One plan many make when they anticipate planting early, in cooler soils, is adding starter fertilizer. It's also a staple for no-tillers. In both cases, especially in no-till, agronomists today recommends adding as much or more nitrogen than phosphorus, indicating that much of the yield kick from starter, if there is one, especially in no-till, comes from the shot of nitrogen applied early when conditions are cooler.
Now comes the dilemma. If 'early' turns into May 15 instead of April 15, as originally planned, do you still apply starter fertilizer? What if May 15 becomes June 1? Then what?
Some of the answer may depend upon whether you already have starter fertilizer bought and paid for, and are committed to taking it. But in cases where you're not, what do the agronomics say?
Based on findings in a replicated test at the Purdue University Throckmorton Research Farm near Romney, Ind., last year, Jeff Phillips, Extension educator in Tippecanoe County, Ind., says that applying starter fertilizer at planting late in the season may not pay. If there's a pay back, it may be marginal at best. And it may be tied to other factors, including the population at which you're planting corn.

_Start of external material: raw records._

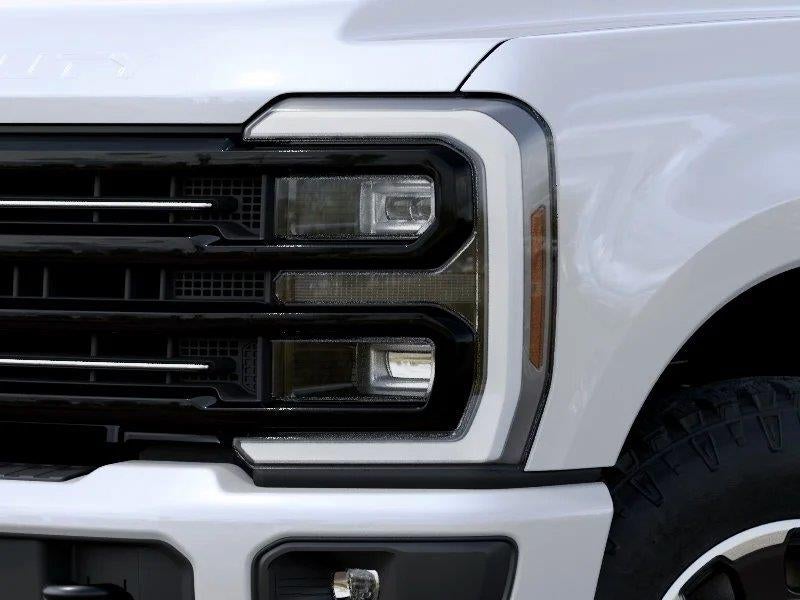 2027 Ford F-250 F-250® Platinum®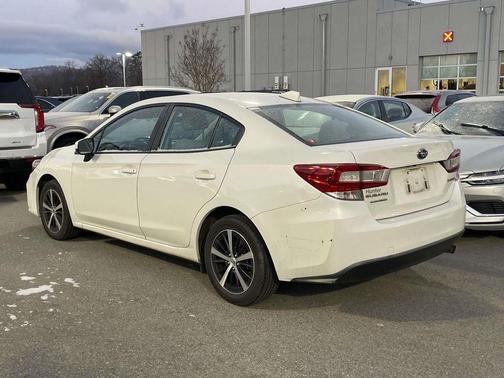 2019 Subaru Impreza 2.0i Premium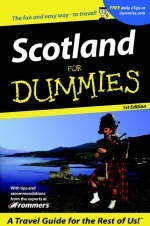 Scotland For Dummies - David Allen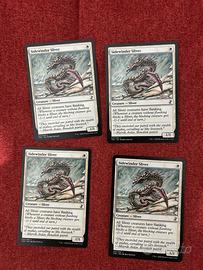 4x tramutante crotalo - sidewinder sliver mtg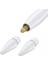 Apple Pencil Kalem Ucu 1 ve 2 Nesil Yedek Uç 2'li Stylus Kalem Uçları 3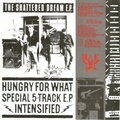 1 x HUNGRY FOR WHAT - THE SHATTERED DREAM E.P.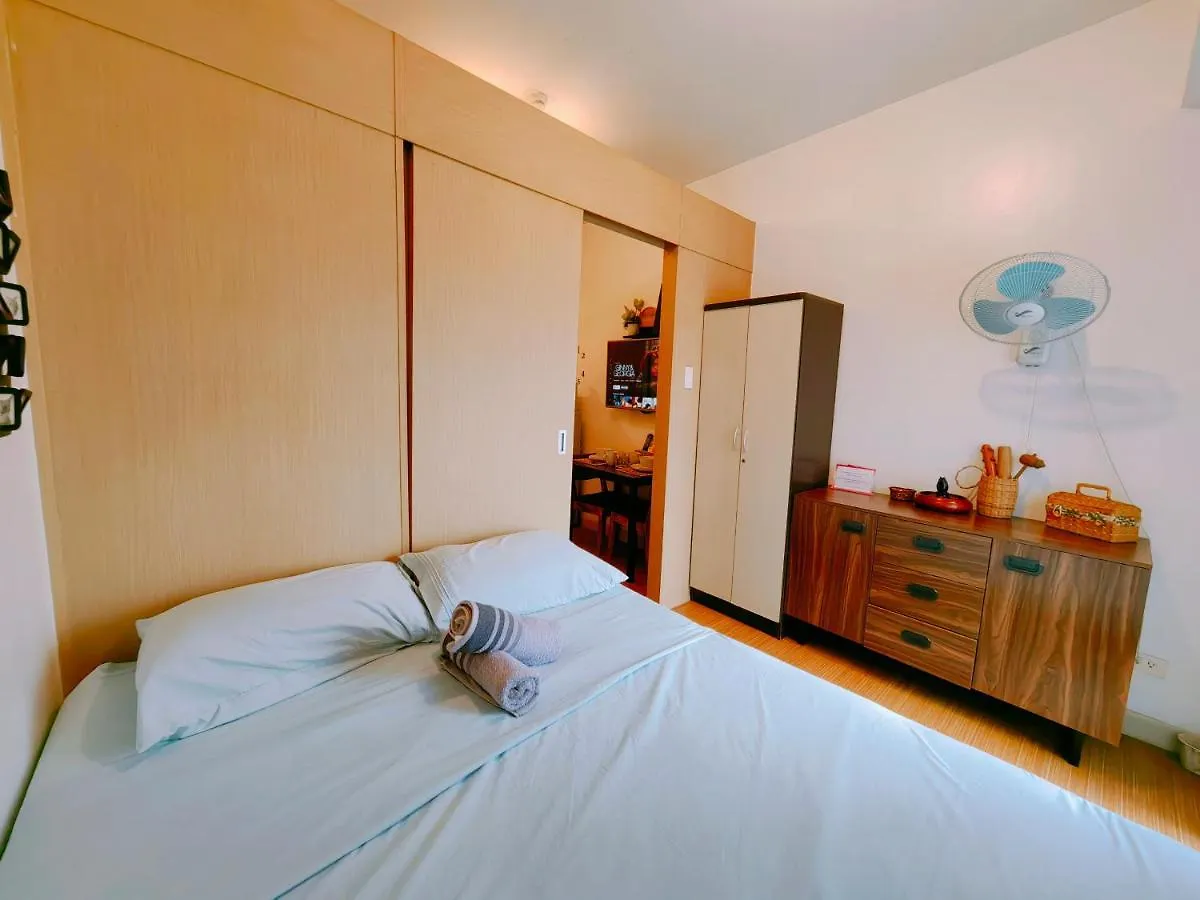 Aparthotel Apad@Graceresidences Nr Bgc Taguig Philippines
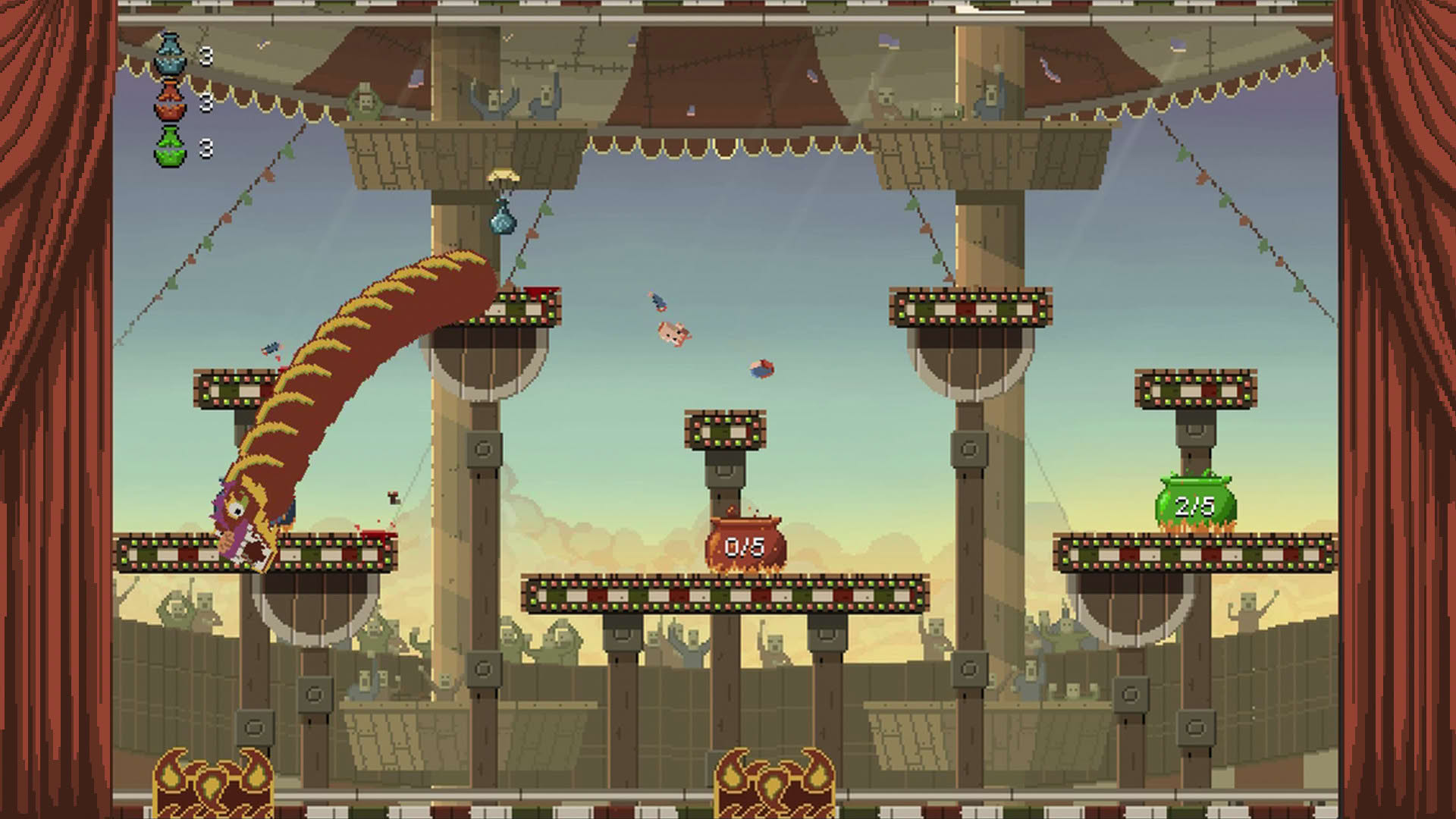 Screenshot for Penarium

Due to weather delays a year ago, somewhat like this year, the plots weren't planted until the last week of May. Soils stayed warm after planting. The plots were tilled. When the combine went through the field, there was a slight advantage for starter fertilizer at some populations. But overall, it was negligible. And once he put a pencil to it, it was questionable as to whether the application paid for itself or not.
"It might have been different if we could have planted the last week of April or first week of May," Phillips says. "That's when starter fertilizer traditionally does more good."
Unfortunately, the chance to test that hypothesis by applying starter on plots planted in late April or even early May has already gone by the boards again this year. Even in research, sometimes the best laid plans…are just that- plans. Reality may be something altogether different.